Então a imagem: centenas de milhares de judeus ao meu redor, rezando a meia voz. Por fim, o gosto: o ar com sabor de poeira, depois de uma violenta tempestade de areia que cobriu o Sol e deixou o céu amarelado.
Foi um dia notável, em Jerusalém. A cidade fechou, hoje, seus acessos e algumas de suas principais vias para permitir a realização de uma manifestação maciça dos ultra-ortodoxos conhecidos, aqui, pelo nome “haredim“. O transporte público teve interrupções.
Os ultra-ortodoxos protestavam durante a tarde, nos arredores da estação central de ônibus, contra a proposta de lei que prevê seu alistamento no Exército. A organização do evento, realizado pelos principais grupos religiosos do país, falava em 500 mil nas ruas. A Polícia estimava 350 mil, em um país de população de 8 milhões.
A manifestação, em um dia inutilizado pela tempestade de areia, deu sinais dacapacidade de mobilização –e da força de sua fé– desse importante setor da sociedade israelense que, em outras décadas, esteve protegida por coalizões de governo em que fora mais bem representado.
O protesto de ontem também dá conta de mudanças políticas em Israel, conforme a população secular passa a exigir maior participação dos ultra-religiosos, que são eximidos do serviço militar e, segundo seus detratores, sustentados pelos impostos pagos pela população produtiva.
Os haredim afirmam que já contribuem à sociedade israelense ao dedicar-se ao estudo dos livros sagrados do judaísmo, em vez de a empregos remunerados ou ao serviço militar.
Eu conversei, entre a multidão, com o jovem Shlomo Kwuk, 27. “A leitura da Torá [livro sagrado] é a coisa mais importante do mundo. É o que nos protege neste lugar, em que precisamos de milagres diários para sobreviver.

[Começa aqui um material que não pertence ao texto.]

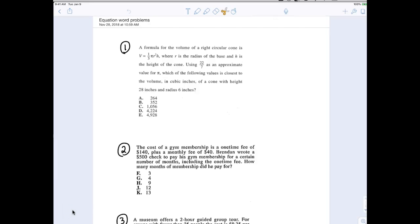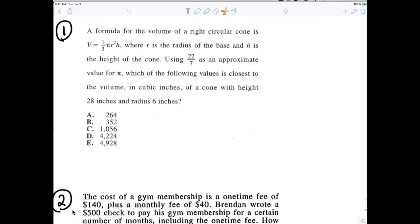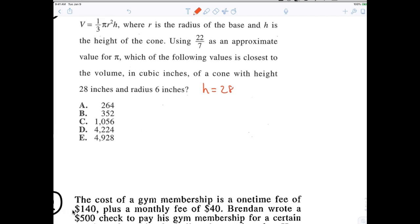Let's talk about number one, Ms. Pliego. What do we got here? Read it to me. Okay, perfect. So now I want you to tell me what I have to do. First of all, tell me the formula again. I like what you just said, so everybody should write that down. Now, what do you think I'd do with those numbers?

O Exército não é o suficiente.”
“Essa injustiça histórica, que durou 65 anos, foi consertada”, afirmou recentemente o ministro das Finanças Yair Lapid, cuja plataforma eleitoral incluía forçar o alistamento dos setores religiosos.
Os haredim presentes na manifestação discordam, porém. “Nós contribuímos de outras maneiras. Temos cuidado de nosso povo há milhares de anos”, me diz Gidon Katz, porta-voz do protesto. Enquanto conversávamos, ouvíamos ao fundo a leitura em massa dos salmos religiosos do judaísmo. “Estamos implorando a Deus para que nos ajude.”
“O futuro da nação judaica depende do yeshivot [espécie de escolas religiosas]“, me afirmou Yitzhak Pindrus, que foi vice-prefeito de Jerusalém. “Na maior parte da nossa história, nós não tivemos um Estado. O que nos manteve juntos, nesses milhares de anos, foi a Bíblia. Nos tire o livro sagrado e vamos desaparecer.”